I agree, Keegan, one of your best to date. The one thing I worry about is that the NCAA has always had it out for Kansas. Larry Brown pays for a recruit to fly to a family funeral, a transfer recruit already on campus and committed, and we get a ridiculously harsh penalty. He definitely was in the wrong and broke rules, but the penalty didn't fit the crime. I just have a bad feeling here that they're going to find a way to hammer us yet again.


Adam Evans 11 months, 2 weeks ago

Keegan: brilliant piece. One of your best. With that, if its a wiggins conspiracy, it could help to draw attention to the attention bmac is getting. Top 2 pick? Yes please. Not saying he should pick KU because we're corrupt. Quite the opposite. Everyone hates us because we're always good every year and we do things the right way. And can still push out lottery picks every year.

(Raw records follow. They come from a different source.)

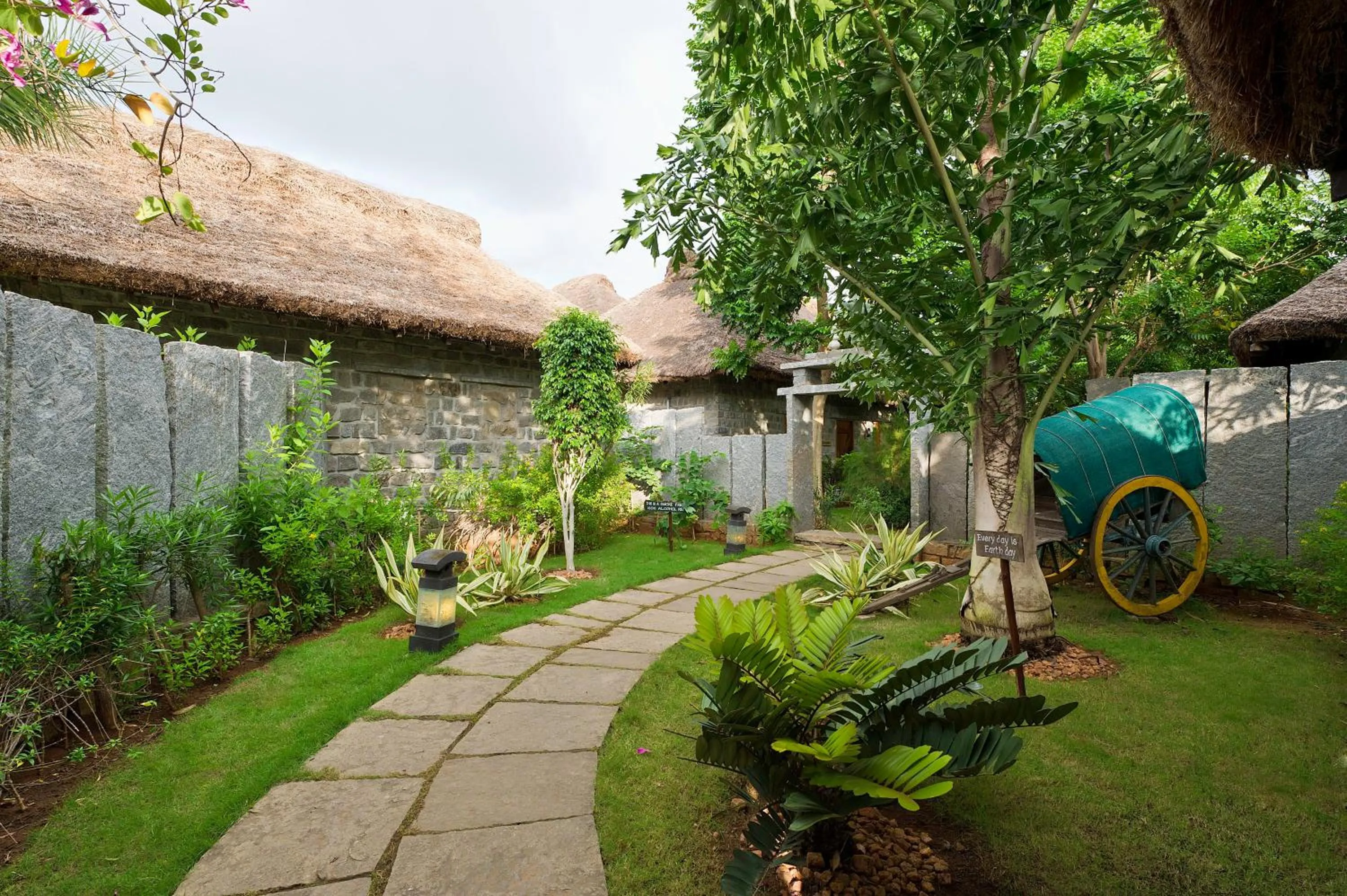 Garden in Halez Sparsa Thiruvannamalai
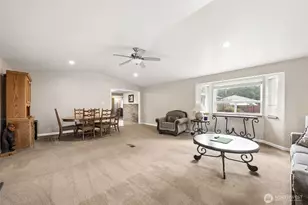 8311 110th St E, Puyallup, WA 98373 - Photo 17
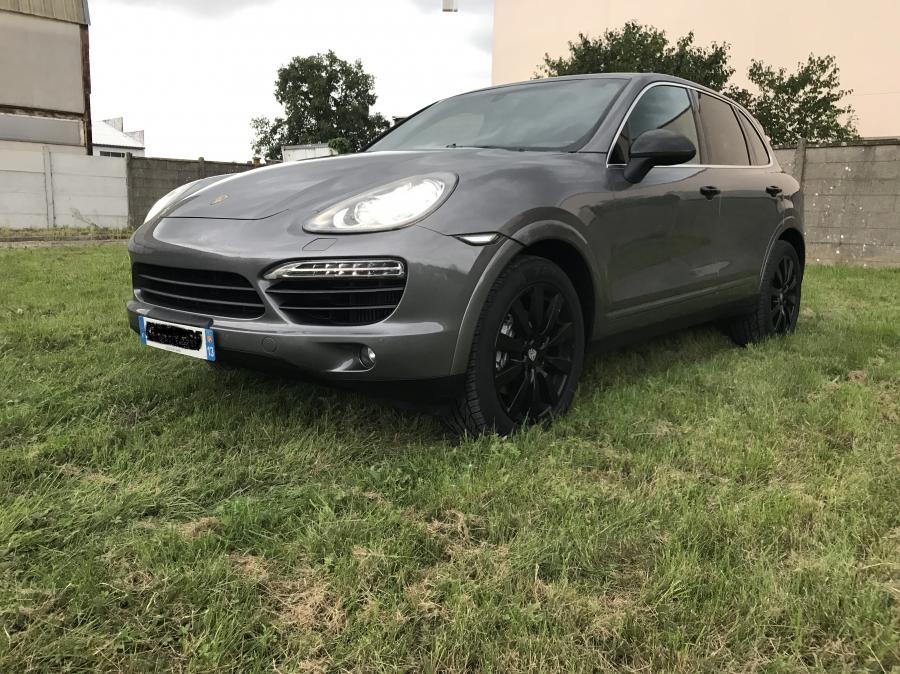 porsche-cayenne-12-2011-1.jpg
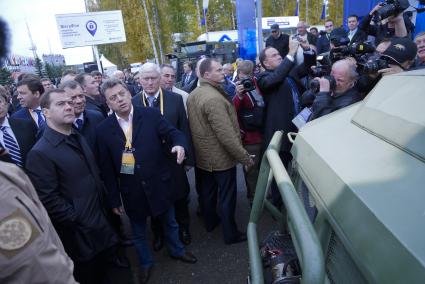 Премьер-министр РФ Д.Медведев посетил выставку вооружения Russia Arms EXPO в Нижнем Тагиле. На снимке:  премьер-министр РФ Дмитрий Медведев (слева)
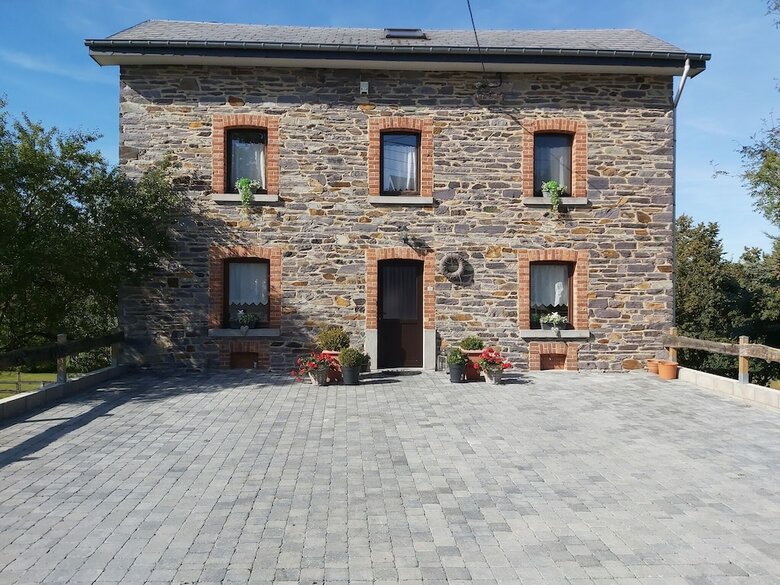 Luring Holiday Home In Lierneux With Garden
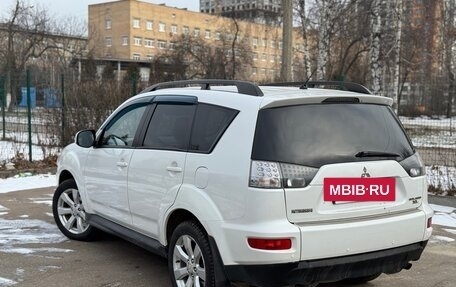 Mitsubishi Outlander III рестайлинг 3, 2011 год, 1 125 000 рублей, 3 фотография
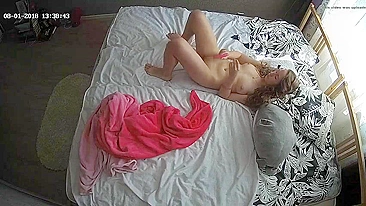 Amateur blonde caught sister is utterly naked in the middle of her new bed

kay_you 11 months, 2 weeks ago

Blackstock was a CEO of a non-profit so there was no reason for KU to be suspicious but I bet they will start doing background checks from now on.


Woody Cragg 11 months, 2 weeks ago

Many,many possible motives-Wiggins Calimari, Cobb is still pi$$ed Ben didn't go to misery, he hates KU, blah, blah, blah. Another likely bet is Cobb sold the story to USA cause he's out of the loop with Ben now. This guy would not likely burn his last bridge unless someone else was lining his pocket still. Then again, he may just be that stupid since he's an ex con from misery. At this point nothing should bea surprise.


Carolyn Hunzicker 11 months, 2 weeks ago



BainDread 11 months, 2 weeks ago

So which is it LJW? Blackstop or Blackstock?


Stephan123 11 months, 2 weeks ago

I agree. Let this story go away until something of further substance surfaces. Of course, it is slow in sports right now and columnists need some fodder.


ahpersecoachingexperience 11 months, 2 weeks ago

Haven't we beat this horse enough already?


kureader 11 months, 2 weeks ago

It's not clear to me as to why Cobb would break this story, when HE was the one who pocketed 10 G's. And, as someone posted earlier, while KU (and even McLemore) seemed unaware of this activity, it's impossible to say what will happen to KU. The NCAA is a joke ... they're totally unpredictable. It's probably good that this happened in the offseason. By fall, we'll be on to other things.